Voglio di più in un giorno che non va, che consuma una vita di stenti e di rabbia. Di voglia di dire, di fare, di dover riuscire senza l’aiuto di niente e di nessuno. A volte sembra una condanna, sei onesto, sei un uomo d’amore, allora devi soffrire anche quando le cose vanne bene. Voglio di più di quello che vedi, voglio di più di questi anni amari… voglio di più in questo giorno che non va che consuma una vita che va perché deve andare. … sai che non striscerò per farmi valere … è solo un giorno che non va nun te preoccupà!

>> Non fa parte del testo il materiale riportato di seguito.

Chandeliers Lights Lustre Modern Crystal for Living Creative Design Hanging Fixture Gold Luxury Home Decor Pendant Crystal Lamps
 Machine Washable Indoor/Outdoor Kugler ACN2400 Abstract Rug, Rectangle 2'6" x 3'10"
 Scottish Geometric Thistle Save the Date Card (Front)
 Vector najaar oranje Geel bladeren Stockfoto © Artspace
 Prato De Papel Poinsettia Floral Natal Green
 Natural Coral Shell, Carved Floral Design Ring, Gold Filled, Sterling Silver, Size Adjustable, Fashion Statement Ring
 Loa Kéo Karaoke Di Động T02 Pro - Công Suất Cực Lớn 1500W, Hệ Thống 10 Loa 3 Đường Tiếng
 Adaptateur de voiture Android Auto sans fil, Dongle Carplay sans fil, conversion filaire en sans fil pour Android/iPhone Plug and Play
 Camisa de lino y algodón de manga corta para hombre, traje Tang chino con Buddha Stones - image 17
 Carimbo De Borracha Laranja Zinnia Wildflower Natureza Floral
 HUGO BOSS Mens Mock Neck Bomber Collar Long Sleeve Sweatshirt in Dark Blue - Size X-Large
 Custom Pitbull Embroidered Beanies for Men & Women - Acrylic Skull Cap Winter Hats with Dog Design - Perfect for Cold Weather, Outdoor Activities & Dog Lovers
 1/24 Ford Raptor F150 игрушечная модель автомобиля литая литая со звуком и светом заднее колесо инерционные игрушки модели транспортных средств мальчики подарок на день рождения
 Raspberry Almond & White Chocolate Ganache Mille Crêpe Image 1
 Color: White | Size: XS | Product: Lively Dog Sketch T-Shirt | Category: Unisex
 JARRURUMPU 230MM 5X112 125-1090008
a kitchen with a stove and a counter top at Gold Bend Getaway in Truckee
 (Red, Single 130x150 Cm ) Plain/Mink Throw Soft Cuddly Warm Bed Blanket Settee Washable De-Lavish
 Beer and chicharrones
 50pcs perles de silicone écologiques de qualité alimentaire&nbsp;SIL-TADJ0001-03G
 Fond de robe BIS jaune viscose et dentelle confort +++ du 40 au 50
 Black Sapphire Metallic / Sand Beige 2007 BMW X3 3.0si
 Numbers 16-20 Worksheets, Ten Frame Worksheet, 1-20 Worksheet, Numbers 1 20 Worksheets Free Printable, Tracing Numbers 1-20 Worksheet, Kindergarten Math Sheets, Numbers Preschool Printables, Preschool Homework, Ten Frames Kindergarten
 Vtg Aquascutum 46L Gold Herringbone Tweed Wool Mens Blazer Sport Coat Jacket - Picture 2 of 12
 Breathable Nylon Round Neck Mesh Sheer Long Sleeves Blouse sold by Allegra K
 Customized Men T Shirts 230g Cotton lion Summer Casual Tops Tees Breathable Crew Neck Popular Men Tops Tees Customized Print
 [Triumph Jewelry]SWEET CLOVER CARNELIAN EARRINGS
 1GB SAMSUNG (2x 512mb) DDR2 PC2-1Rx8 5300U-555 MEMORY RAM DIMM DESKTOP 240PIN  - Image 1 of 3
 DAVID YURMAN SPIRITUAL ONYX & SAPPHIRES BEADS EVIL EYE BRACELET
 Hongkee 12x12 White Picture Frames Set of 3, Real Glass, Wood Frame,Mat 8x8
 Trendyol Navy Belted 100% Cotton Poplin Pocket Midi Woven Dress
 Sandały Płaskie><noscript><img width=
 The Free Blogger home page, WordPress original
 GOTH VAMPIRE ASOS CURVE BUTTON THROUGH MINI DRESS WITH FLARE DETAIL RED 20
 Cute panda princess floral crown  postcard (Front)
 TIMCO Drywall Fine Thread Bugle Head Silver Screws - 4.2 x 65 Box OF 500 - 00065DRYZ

Notte che se ne và in una città al buio. In un mondo fatto di luci spente. Spente come l’insegna dell’ultimo caffè. Le strade son deserte, ma che … a Napoli la gente è sempre in strada. C’è una città che vive di notte, una città che vuole vivere la capitale del mezzogiorno dopo mezzanotte. Notte di chi beve, notte di chi fa il palo, notte di chi fa il metronotte. Notte dopo la mezzanotte con una luna bugiarda che con questo suo romanticismo fotte una città arrabbiata. Rabbia, ‘o fele che esce da un fegato amaro. Fegato scoppiato, fegato fegato fegato spappolato. Spappolati gli animi, gli sguardi diffidenti che diffidano anche del padre e della mamma. Che diffidano di questa terra martoriata. Viente ‘e terra spazza quest’ansia, quest’aria infestata, quest’aria malsana  ricca di fili d’amianto. Le case in lontananza sembrano un presepe che stona in questa notte di centro periferia del mondo. ‘o gigante da’ muntagna non urla più. È in letargo. Dorme, aspetta che cambino i giorni, le nottate insonni di un popolo che stenta ad arrivare alla terza settimana di un mese che viene e va. Di un mese che passa in fretta come passano i giorni in una vita senza senso e con molti stenti.

Viente ‘e mare puortece cu te per terre lontane, lontane dallo sguardo, dal cuore ferito a morte.